Les montants importants versés en indemnisation aux usagers de la route impliqués dans un accident causé par l’alcool au volant font écho aux constats des intervenants judiciaires sur le terrain, qui observent que certains conducteurs continuent de conduire avec les facultés affaiblies malgré tout.
Me Jeremy Lamonde est procureur de la Couronne dans le district judiciaire de Montmagny depuis quelques années. Au quotidien, son travail consiste à traduire en justice les délinquants de l’alcool au volant.
« En 2024, l’alcool au volant demeure un fléau dans notre société. C’est l’un des crimes les plus fréquemment commis dans notre district judiciaire. À chaque cour de pratique [la séance bimensuelle consacrée aux comparutions et à la gestion des dossiers], il y a au moins une dizaine de ce type de dossiers inscrits au rôle », déclare-t-il.
D’ailleurs, il indique qu’une particularité liée à ce délit est que les délinquants qui le commettent n’ont pas de profil type, qu’ils sont de tous genres, âges et situations socioéconomiques. « Personne n’est à l’abri d’avoir un écart de jugement et de prendre le volant sous l’effet de l’alcool », ajoute-t-il.
Il rappelle que dans les dernières années, le gouvernement canadien et les tribunaux supérieurs ont lancé un appel au durcissement des peines imposées lors d’une déclaration de culpabilité et que les contrevenants doivent dans bien des cas purger une peine de détention, tout dépendant des circonstances du crime.
Un avocat de la défense, qui souhaite garder l’anonymat pour ne pas nuire au déroulement de ses dossiers judiciarisés, partage certains des constats de Me Lamonde. « Les accusés de conduite avec les facultés affaiblies que je représente proviennent de tous les horizons.
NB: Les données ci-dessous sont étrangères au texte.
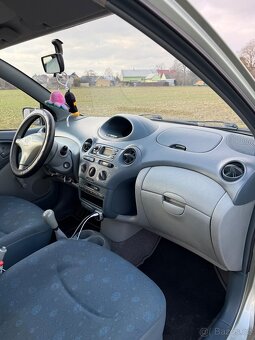 Prodám auto Toyotu Yaris 1.0, 50kw - 11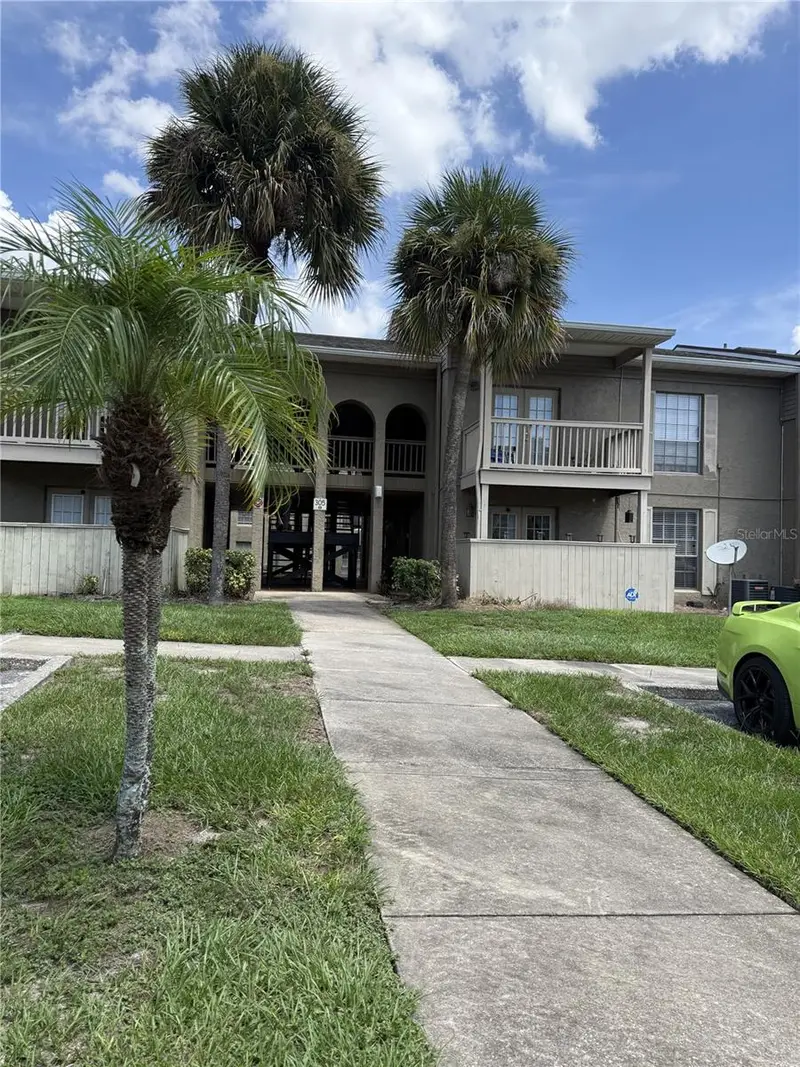 305 Wymore Rd ## 107, FL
De plus, il s’agit de l’antécédent judiciaire le plus fréquent dans les dossiers de mes clients récidivistes », explique-t-il.
Selon lui, les circonstances de la commission de cette infraction sont tout à fait particulières et singulières. « Il est très rare qu’un délinquant la commette en ayant pleinement conscience de l’affaiblissement de ses capacités et de la dangerosité qu’il représente sur la route. D’un côté, certains qui ont moins consommé sont convaincus qu’ils sont en état de conduire. D’un autre côté, certains qui ont ingurgité une importante quantité d’alcool perdent totalement leur jugement et n’ont plus conscience de leur dangerosité sur la route », énonce-t-il.
Finalement, il constate un sentiment de honte et des regret chez la plupart de ses clients, de même qu’une méconnaissance de leurs droits et du système judiciaire.
Une étude révélatrice
L’Institut national de santé publique du Québec (INSPQ) s’est intéressé aux impacts de la conduite avec les facultés affaiblies. Dans une publication, elle rappelle qu’en 2021, la conduite avec les facultés affaiblies par l’alcool est une des principales causes de décès sur les routes. En 2020, 31,9 % des conducteurs décédés sur les routes ayant subi un test d’alcoolémie dépassaient la limite permise de 80 mg d’alcool par 100 ml de sang. Elle indique que conduire avec une alcoolémie variant entre 51 et 80 mg d’alcool par 100 ml de sang augmente d’environ quatre fois le risque de collision mortelle. Le risque de collision mortelle s’accroit de manière exponentielle au fur et à mesure que l’alcoolémie augmente. Selon un sondage réalisé au mois de janvier 2021 par la Société de l’assurance automobile du Québec, 39,0 % des Québécois ont admis avoir conduit dans les quatre heures suivant la consommation d’alcool dans la dernière année.